#### [Data records]
==============================
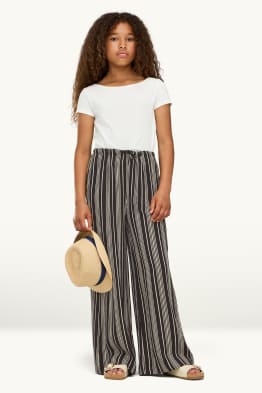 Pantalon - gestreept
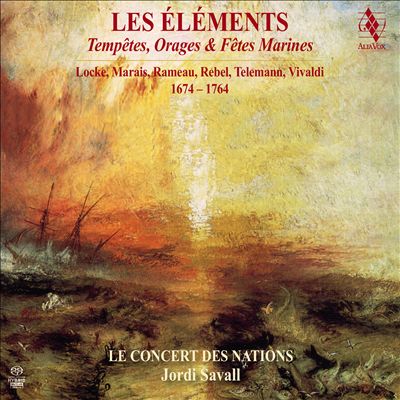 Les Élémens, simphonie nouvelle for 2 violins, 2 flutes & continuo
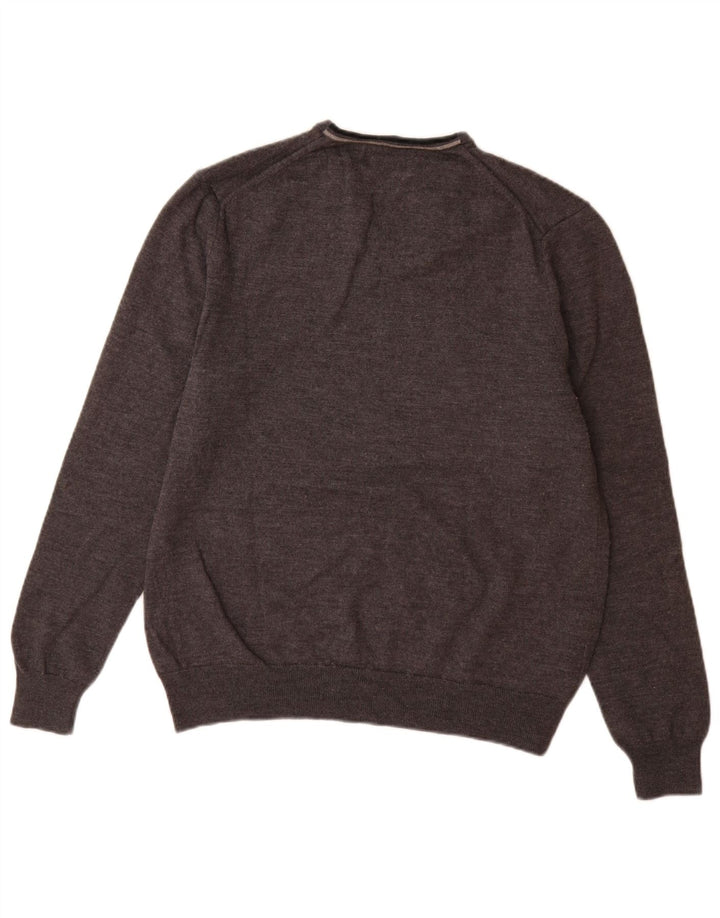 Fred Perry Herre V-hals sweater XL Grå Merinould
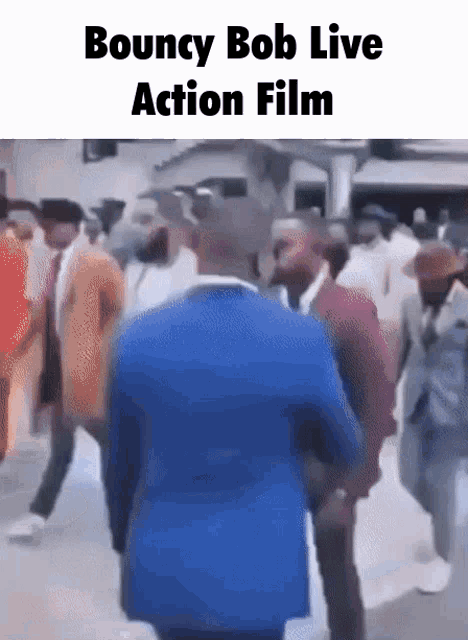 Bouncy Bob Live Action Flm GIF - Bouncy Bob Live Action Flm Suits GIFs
==============================
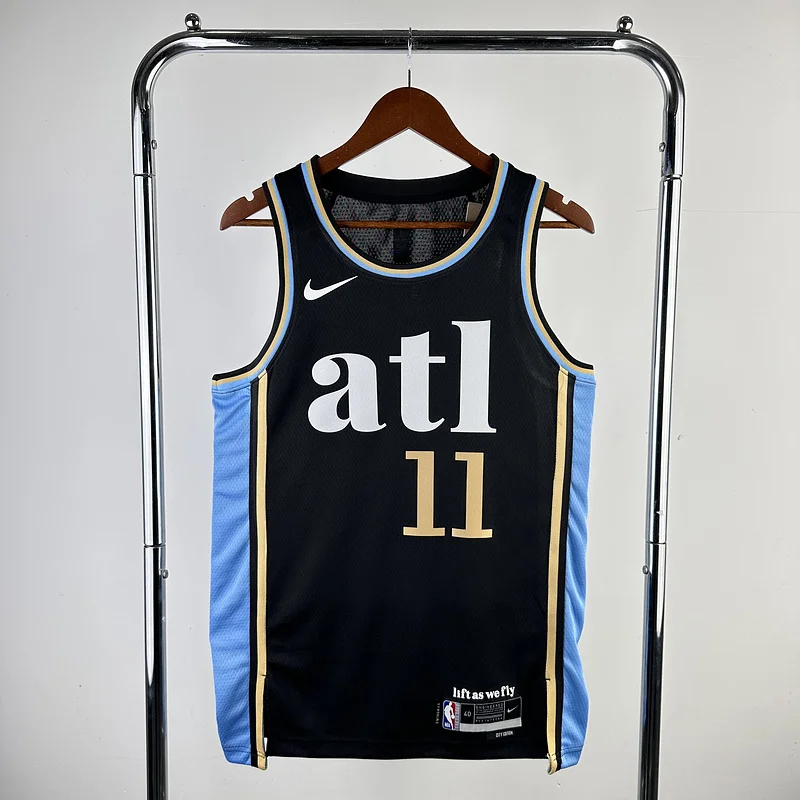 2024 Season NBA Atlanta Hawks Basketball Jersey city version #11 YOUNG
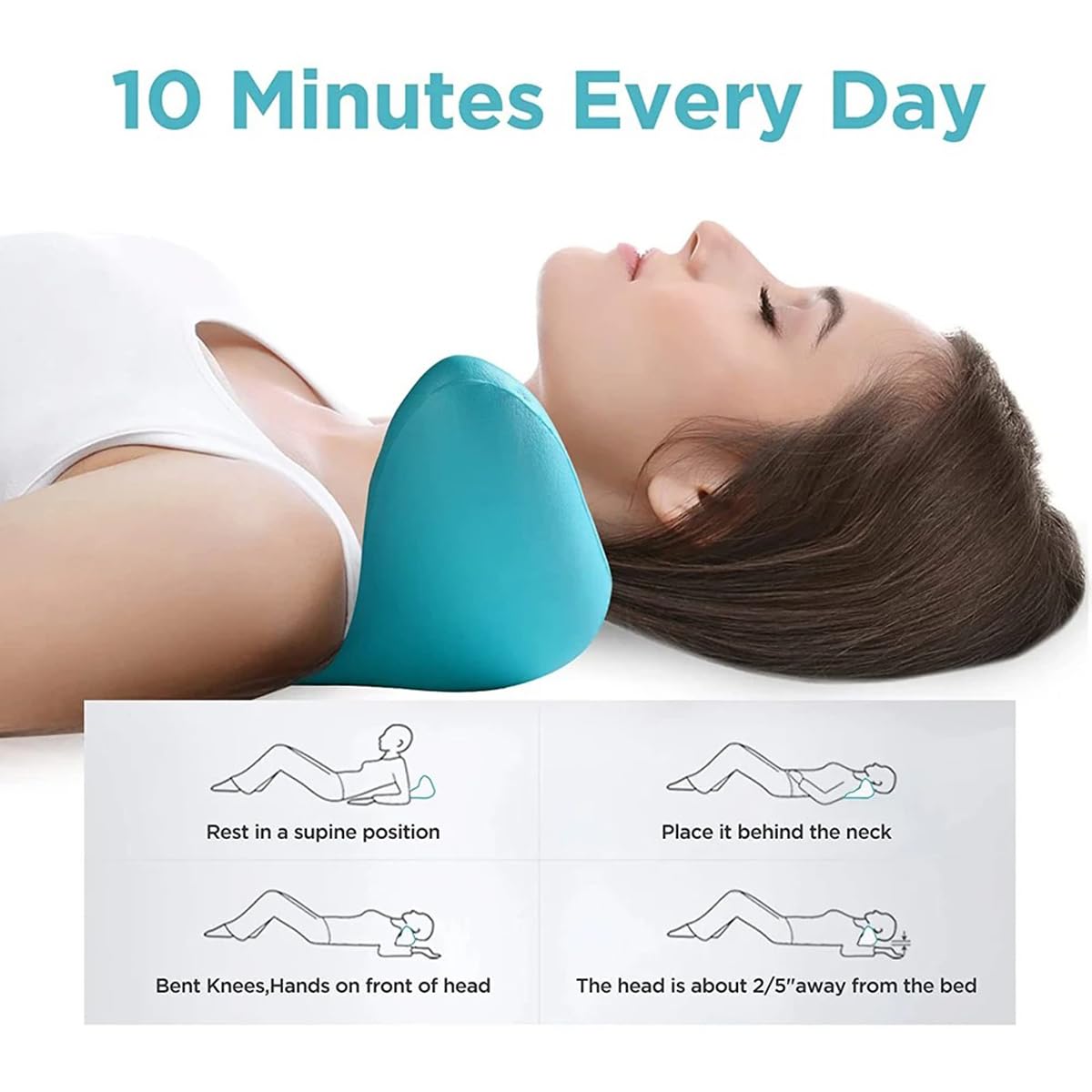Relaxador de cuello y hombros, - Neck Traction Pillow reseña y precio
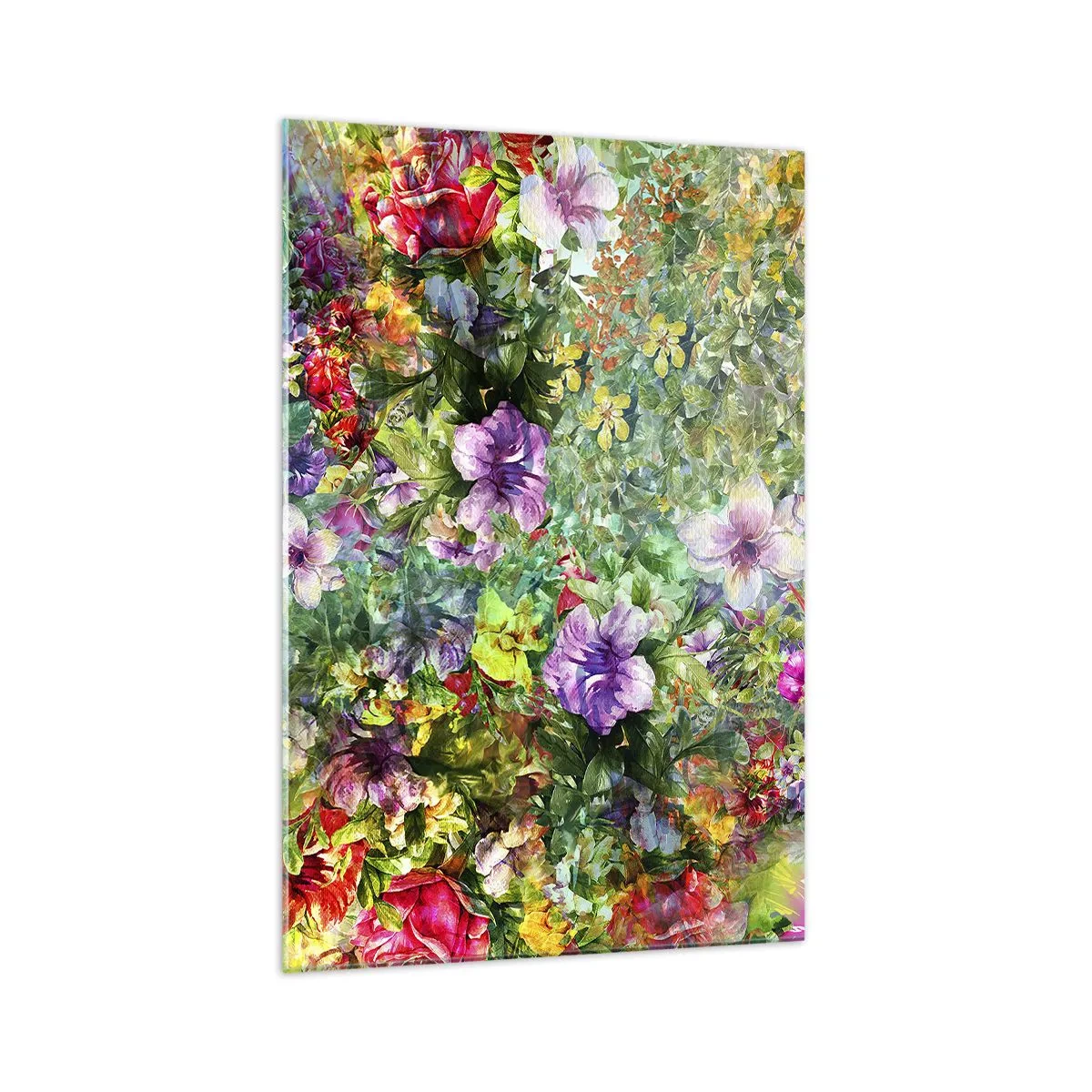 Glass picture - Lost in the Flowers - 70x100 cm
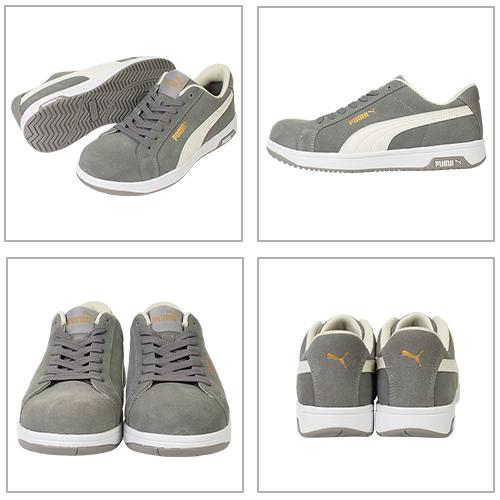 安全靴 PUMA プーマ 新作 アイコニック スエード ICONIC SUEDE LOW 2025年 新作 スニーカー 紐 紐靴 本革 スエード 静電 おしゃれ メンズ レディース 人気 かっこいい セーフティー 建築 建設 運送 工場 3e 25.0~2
==============================
#### [Exercise aim]
Given the records above, return the lines starting at the one that holds "Pantalon - gestreept" and ending at the one that holds "Bouncy Bob Live Action Flm GIF", exactly, and nothing besides; leave every picture out.

#### [Result of the exercise]
 Pantalon - gestreept
 Les Élémens, simphonie nouvelle for 2 violins, 2 flutes & continuo
 Fred Perry Herre V-hals sweater XL Grå Merinould
 Bouncy Bob Live Action Flm GIF - Bouncy Bob Live Action Flm Suits GIFs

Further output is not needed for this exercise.